Twenty-five years later, Hoffman is headed for the Hall of Fame. The legendary closer was elected by the Baseball Writers' Association of America on Wednesday, having received 79.9 percent of the vote.
"What he became really changed the organization and the future of the franchise," Smith said. "He's a Hall of Famer in every sense of the word."
Even Smith couldn't have predicted the success Hoffman was bound for. In 18 big league seasons, the right-hander amassed 601 saves, second only to Mariano Rivera, along with a 2.87 ERA and a 25.8 percent strikeout rate.
At the time, Smith believed he was acquiring a useful bullpen piece. He did not know he had landed one of the best relief pitchers to ever take the mound.
"It became really obvious Florida was going to be our dance partner with Sheffield," Smith said. "... Before we even started talking with them, [Hoffman] was the first name we identified as a guy we wanted. We went back and forth quite a bit, and we were able to get Hoffy in the deal. Obviously, nobody thought he'd be a Hall of Famer. We thought he'd be a guy who could pitch late in the game and provide good relief for us. But he certainly exceeded our expectations."
During his election media conference on Wednesday, Hoffman thanked Smith for "taking a shot on me." He also reflected on the trade, with a quarter century's worth of hindsight.
"I remember it [happening] really fast," Hoffman said. "I remember being tapped on the shoulder, and they said, 'We're going to pack up your locker. You don't have a lot of stuff that's good. And we're going to be sending you to San Diego.'"

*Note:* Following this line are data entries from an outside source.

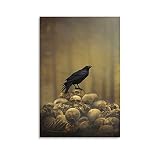 Gothic Horror Crow, Standing on The Skull of The Crow Wall Art Posters Wall Art Paintings Canvas Wal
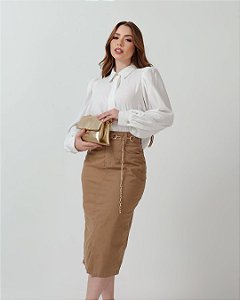 Saia Midi Caramelo com Corrente Dourada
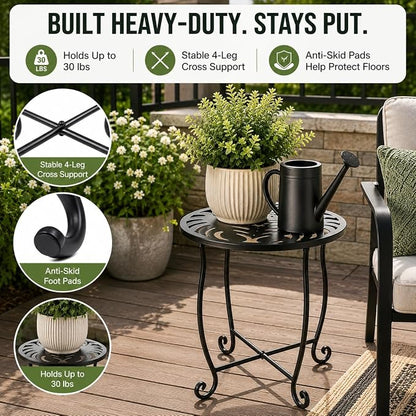 Outdoor Side Tables 2 Pack, 15" Height Tool-Free Metal Patio End Table with Monstera Pattern, Compact Space Saving Plant Stand for Balcony Porch Deck, Weather Resistant, Black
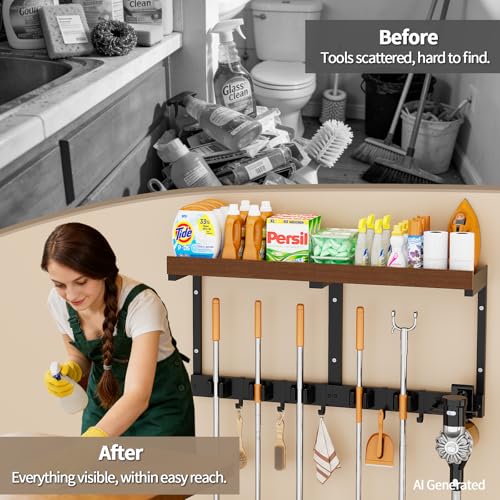Broom and Mop Organizer Wall Hanging, Broom Hanger Holder Wall Mount | 3-in-1 mop and broom holder wall mount with 5 racks,5 hooks, storage shelf & vacuum organizer for garage,kitchen,laundry room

Initially, Hoffman said he felt overwhelmed by the prospect of a trade. It was his brothers who calmly reminded him he'd be playing ball in Southern California, a short drive from where he grew up in Orange County.

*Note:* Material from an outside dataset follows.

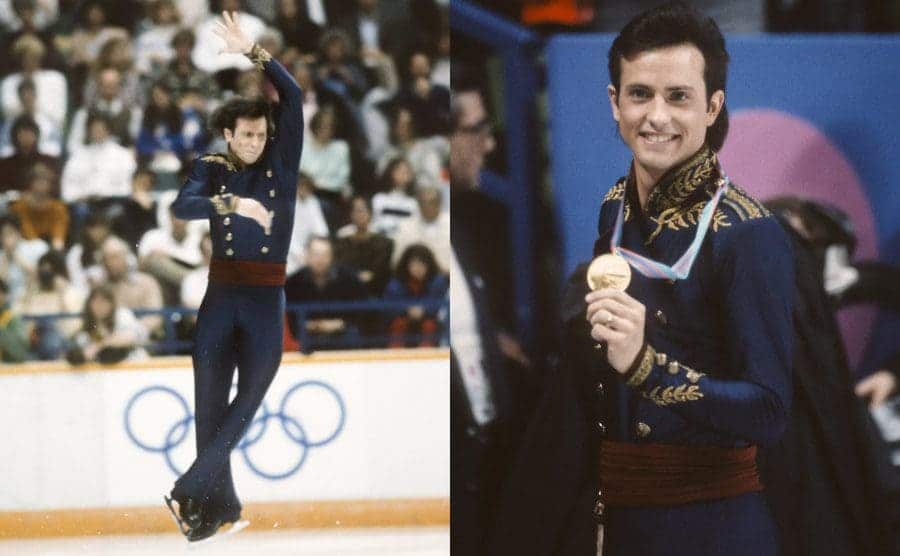 Brian Boitano mid-jump on the ice / Brian Boitano holding his medal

"You think, 'OK, I'm going to be in one spot for 15 years,' and I just thought it was going to be in Florida," Hoffman said. "But I'm thankful it was in San Diego. It's awesome that it happened the way it did."
As for Smith, not many general managers can claim they acquired a future Hall of Famer as a rookie. Smith did so in his first month on the job.
"It's actually pretty special to me, although I thought he was a first-ballot guy," Smith said. "We were waiting, maybe not quite as anxiously as he was, but pretty close to it, just because he's such a great guy.
"You get a guy in his first year in the big leagues, and he goes on to be an All-Star and one of the greatest closers of all time, there's certainly some professional satisfaction. But I'm happier for him. ... He's really a guy who's truly deserving of it, from who he is, his work ethic and obviously how he performed on the field."